[WHAT YOU HAVE TO DO]
Within the records that follow, restate exactly the lines from the line with "notícia: ‘Houve dia" down to the line with "Tiết mục đơn", including both. Omit the pictures.

DATA TO EXAMINE Start Marker

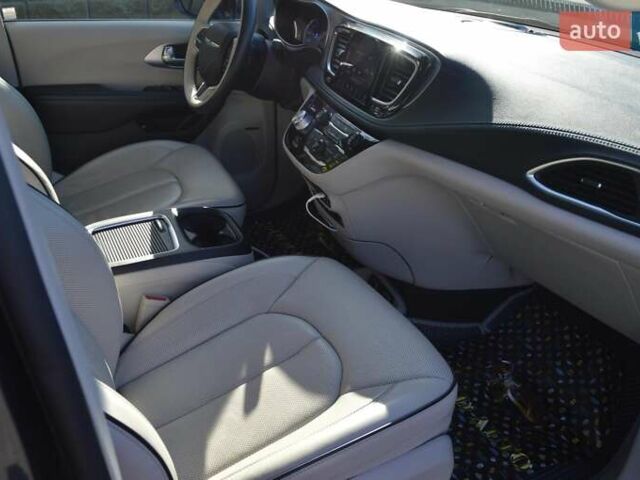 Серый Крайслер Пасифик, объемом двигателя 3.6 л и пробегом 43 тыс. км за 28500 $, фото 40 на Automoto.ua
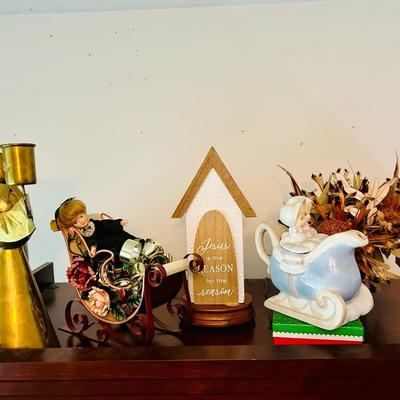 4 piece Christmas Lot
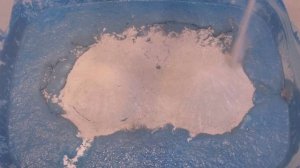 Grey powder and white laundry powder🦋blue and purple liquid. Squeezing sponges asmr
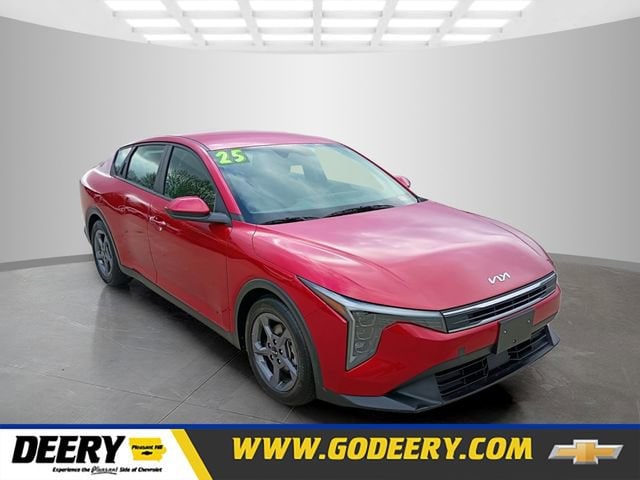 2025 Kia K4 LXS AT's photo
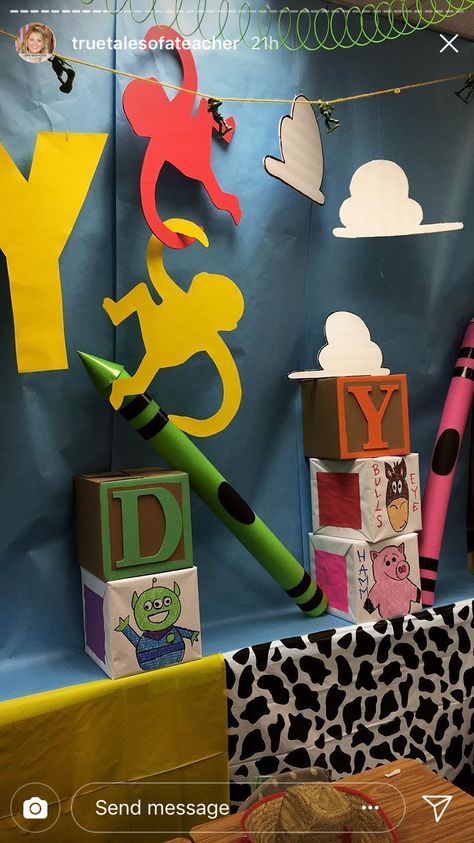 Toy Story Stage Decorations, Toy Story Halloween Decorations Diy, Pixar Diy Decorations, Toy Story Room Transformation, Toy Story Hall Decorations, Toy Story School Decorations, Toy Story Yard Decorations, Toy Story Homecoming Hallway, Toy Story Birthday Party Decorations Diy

DATA TO EXAMINE End Marker
DATA TO EXAMINE Start Marker

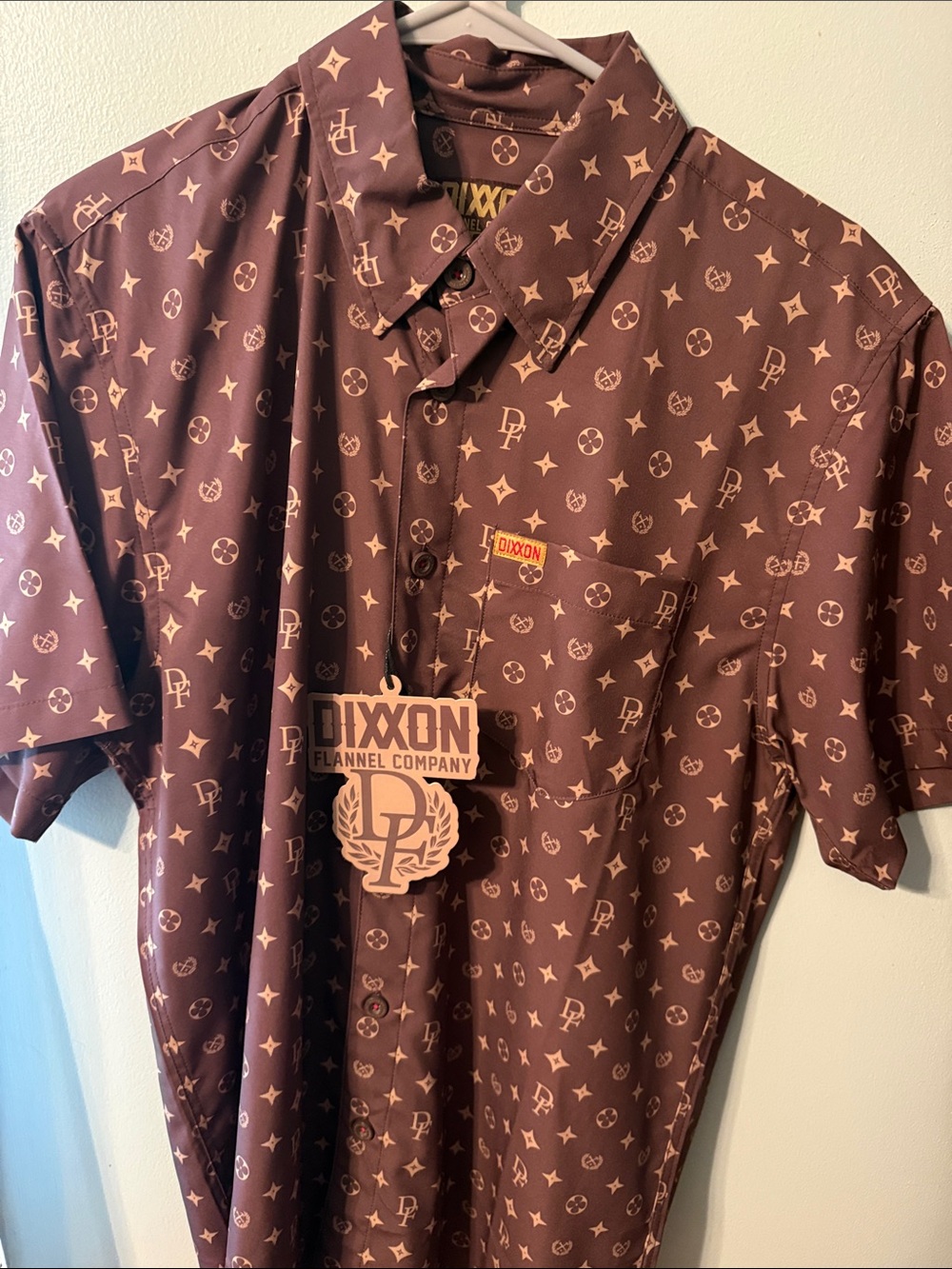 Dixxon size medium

DATA TO EXAMINE End Marker
DATA TO EXAMINE Start Marker

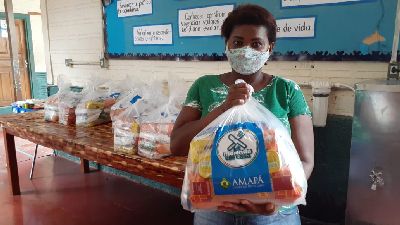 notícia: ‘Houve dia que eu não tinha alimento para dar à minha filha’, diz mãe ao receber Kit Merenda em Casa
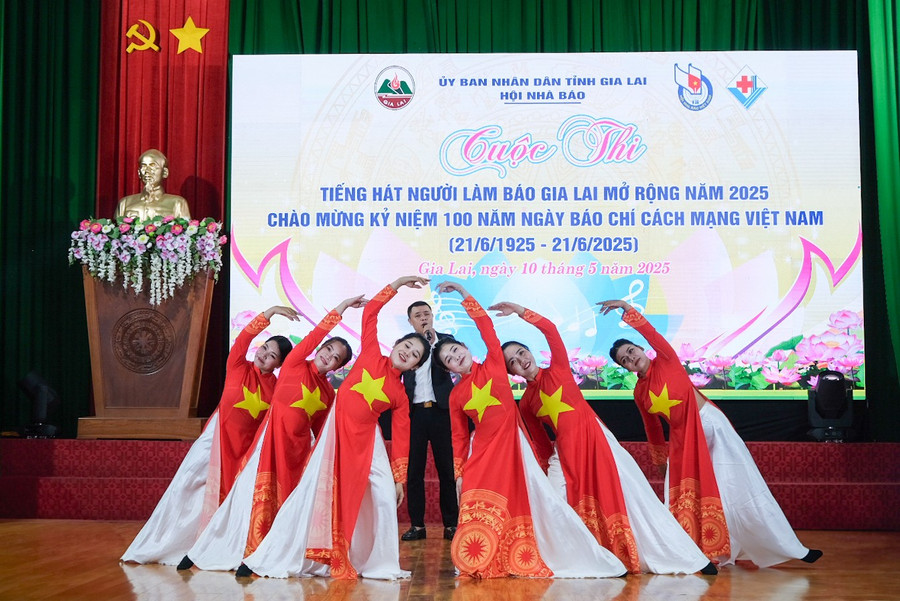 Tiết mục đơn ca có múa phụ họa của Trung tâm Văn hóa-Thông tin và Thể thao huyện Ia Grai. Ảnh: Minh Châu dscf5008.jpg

DATA TO EXAMINE End Marker

[SOLUTION]
 notícia: ‘Houve dia que eu não tinha alimento para dar à minha filha’, diz mãe ao receber Kit Merenda em Casa
 Tiết mục đơn ca có múa phụ họa của Trung tâm Văn hóa-Thông tin và Thể thao huyện Ia Grai. Ảnh: Minh Châu dscf5008.jpg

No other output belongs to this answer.